- Theatrical poster
- Directed by: W. S. Van Dyke
- Written by: Concept: Ladislas Fodor
- Screenplay by: John McClain
- Produced by: Joseph L. Mankiewicz (uncredited)
- Starring: Jeanette MacDonald Robert Young
- Cinematography: Ray June
- Edited by: James E. Newcom
- Music by: Score: Herbert Stothart Songs: Arthur Schwartz (music) Yip Harburg (lyrics) Howard Dietz (lyrics)
- Production company: Metro-Goldwyn-Mayer
- Release date: August 17, 1942;
- Running time: 101 minutes
- Country: United States
- Language: English
- Budget: $924,000
- Box office: $1,197,000

= Cairo (1942 film) =

1942 film by W. S. Van Dyke

Cairo is a 1942 musical comedy film made by MGM and Loew's, and directed by W. S. Van Dyke. The screenplay was written by John McClain, based on an idea by Ladislas Fodor about a news reporter shipwrecked in a torpedo attack, who teams up with a Hollywood singer and her maid to foil Nazi spies. The music score is by Herbert Stothart. This film was Jeanette MacDonald's last film on her MGM contract.

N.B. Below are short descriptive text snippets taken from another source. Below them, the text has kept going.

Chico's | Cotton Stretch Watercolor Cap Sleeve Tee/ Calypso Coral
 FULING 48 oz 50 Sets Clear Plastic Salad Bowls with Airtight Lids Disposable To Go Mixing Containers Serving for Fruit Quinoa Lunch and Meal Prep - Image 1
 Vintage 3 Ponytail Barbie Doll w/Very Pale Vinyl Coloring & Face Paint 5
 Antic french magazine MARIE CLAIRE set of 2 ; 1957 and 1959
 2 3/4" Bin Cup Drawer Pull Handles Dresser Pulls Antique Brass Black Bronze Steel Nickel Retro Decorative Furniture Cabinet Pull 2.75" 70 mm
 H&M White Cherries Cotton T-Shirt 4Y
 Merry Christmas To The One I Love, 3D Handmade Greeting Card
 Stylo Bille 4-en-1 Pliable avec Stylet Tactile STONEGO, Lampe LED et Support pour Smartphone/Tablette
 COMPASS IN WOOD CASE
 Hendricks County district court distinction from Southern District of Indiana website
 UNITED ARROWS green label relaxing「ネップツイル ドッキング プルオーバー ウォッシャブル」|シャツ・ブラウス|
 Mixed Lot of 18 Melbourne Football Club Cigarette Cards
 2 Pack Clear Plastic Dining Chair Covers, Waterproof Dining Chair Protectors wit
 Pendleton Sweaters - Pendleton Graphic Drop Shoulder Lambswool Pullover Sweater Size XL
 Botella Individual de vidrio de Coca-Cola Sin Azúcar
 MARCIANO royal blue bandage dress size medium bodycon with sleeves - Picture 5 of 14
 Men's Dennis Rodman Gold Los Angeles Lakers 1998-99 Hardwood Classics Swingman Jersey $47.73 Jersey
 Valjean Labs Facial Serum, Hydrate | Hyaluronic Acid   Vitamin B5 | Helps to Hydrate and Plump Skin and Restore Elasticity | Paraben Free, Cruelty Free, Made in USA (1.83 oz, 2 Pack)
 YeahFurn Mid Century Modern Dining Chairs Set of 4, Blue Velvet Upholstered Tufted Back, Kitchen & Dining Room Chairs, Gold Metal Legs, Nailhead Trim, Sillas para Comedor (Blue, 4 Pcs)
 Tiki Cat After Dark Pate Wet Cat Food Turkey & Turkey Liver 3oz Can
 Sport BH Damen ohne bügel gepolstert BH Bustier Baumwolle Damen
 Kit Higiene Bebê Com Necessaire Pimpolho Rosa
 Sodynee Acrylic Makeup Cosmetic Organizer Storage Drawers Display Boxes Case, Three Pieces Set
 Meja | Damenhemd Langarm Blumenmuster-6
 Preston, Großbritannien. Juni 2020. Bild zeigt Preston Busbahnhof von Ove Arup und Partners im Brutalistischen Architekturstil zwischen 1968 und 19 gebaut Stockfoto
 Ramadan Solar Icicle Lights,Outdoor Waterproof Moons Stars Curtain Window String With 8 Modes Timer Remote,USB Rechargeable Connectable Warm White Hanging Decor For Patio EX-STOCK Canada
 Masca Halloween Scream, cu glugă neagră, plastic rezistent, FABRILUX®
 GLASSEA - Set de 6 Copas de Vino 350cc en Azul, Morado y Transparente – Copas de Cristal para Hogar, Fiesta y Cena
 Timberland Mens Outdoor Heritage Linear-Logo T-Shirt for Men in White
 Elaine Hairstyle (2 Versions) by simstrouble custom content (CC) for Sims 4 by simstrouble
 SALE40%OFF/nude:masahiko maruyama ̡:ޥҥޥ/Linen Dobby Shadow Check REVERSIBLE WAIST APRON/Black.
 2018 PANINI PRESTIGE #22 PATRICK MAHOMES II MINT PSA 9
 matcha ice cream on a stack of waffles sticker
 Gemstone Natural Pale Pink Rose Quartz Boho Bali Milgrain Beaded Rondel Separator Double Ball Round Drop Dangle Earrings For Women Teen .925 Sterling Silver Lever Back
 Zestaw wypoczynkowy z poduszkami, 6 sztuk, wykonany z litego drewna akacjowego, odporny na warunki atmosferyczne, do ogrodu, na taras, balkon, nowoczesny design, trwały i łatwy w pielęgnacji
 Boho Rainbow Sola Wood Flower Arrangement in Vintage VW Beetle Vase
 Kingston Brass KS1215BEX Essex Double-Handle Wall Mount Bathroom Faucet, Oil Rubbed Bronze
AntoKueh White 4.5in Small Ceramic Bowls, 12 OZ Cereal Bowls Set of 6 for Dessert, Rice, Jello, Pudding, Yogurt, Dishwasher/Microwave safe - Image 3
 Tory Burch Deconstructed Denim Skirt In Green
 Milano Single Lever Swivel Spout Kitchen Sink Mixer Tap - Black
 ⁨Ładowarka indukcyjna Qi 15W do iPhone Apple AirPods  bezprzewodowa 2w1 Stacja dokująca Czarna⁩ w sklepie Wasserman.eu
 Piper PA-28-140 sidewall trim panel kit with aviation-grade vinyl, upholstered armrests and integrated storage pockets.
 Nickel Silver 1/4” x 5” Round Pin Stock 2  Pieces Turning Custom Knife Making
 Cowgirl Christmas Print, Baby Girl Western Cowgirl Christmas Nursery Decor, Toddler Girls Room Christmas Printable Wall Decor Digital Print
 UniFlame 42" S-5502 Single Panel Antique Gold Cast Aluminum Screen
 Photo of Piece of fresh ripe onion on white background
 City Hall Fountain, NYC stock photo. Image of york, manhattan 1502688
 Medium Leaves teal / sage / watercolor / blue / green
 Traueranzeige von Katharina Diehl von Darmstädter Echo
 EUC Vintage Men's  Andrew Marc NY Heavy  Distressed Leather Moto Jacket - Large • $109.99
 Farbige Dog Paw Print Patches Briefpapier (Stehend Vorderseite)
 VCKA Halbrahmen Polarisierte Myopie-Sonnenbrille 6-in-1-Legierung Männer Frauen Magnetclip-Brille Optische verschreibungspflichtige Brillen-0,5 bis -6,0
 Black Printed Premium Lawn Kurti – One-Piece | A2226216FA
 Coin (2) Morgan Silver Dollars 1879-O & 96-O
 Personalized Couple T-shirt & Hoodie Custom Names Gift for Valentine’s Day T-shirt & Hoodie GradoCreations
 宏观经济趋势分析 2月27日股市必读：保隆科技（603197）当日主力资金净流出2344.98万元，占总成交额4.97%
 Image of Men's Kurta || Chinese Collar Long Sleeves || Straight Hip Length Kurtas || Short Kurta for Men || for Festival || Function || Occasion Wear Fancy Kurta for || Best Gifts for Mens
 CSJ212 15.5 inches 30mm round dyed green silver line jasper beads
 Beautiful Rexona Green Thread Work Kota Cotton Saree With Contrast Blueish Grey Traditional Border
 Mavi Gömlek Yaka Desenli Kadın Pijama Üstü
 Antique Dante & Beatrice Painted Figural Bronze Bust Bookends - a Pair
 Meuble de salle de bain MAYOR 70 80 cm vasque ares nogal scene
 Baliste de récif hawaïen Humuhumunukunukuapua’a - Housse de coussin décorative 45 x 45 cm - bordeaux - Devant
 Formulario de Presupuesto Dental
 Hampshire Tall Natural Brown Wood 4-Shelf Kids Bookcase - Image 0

The film was poorly received upon its initial release.

==Plot==

American Homer Smith is the star reporter of a small newspaper, which is named the best small town newspaper in the country. As a reward for his contributions, he is sent to North Africa to report on the war. In the Mediterranean, however, his ship is sunk; he and one other survivor, Philo Cobson, make it to shore. Cobson reveals that he is a member of British Intelligence and asks Smith to give a coded message to a Mrs. Morrison in Cairo.

Mrs. Morrison tells him that motion picture star Marcia Warren is a Nazi spy. Smith, a big fan of Warren, has trouble believing it, but finds Warren's behavior suspect. He gets a job as her butler as Juniper Jones. Meanwhile, the innocent Warren begins to think that Smith is an enemy agent. Despite their mutual suspicions, they start to fall in love. Eventually, the real spies are unmasked: Cobson and Mrs. Morrison.

==Cast==

- Jeanette MacDonald as Marcia Warren
- Robert Young as Homer Smith, aka Juniper Jones
- Ethel Waters as Cleona Jones, Marcia's Maid
- Reginald Owen as Philo Cobson
- Grant Mitchell as Mr. O.H.P. Boggs
- Lionel Atwill as Teutonic gentleman
- Eduardo Ciannelli as Ahmed Ben Hassan
- Mitchell Lewis as Ludwig
- Dooley Wilson as Hector
- Larry Nunn as Bernie
- Dennis Hoey as Col. Woodhue
- Mona Barrie as Mrs. Morrison
- Rhys Williams as Strange man
- Cecil Cunningham as Mme. Laruga
- Harry Worth as Viceroy Hotel bartender
- Frank Richards as Alfred
- Faten Hamama as Amina

==Reception==
According to MGM records. the film earned $616,000 in the U.S. and Canada and $581,000 elsewhere, meaning the studio recorded a profit of $273,000.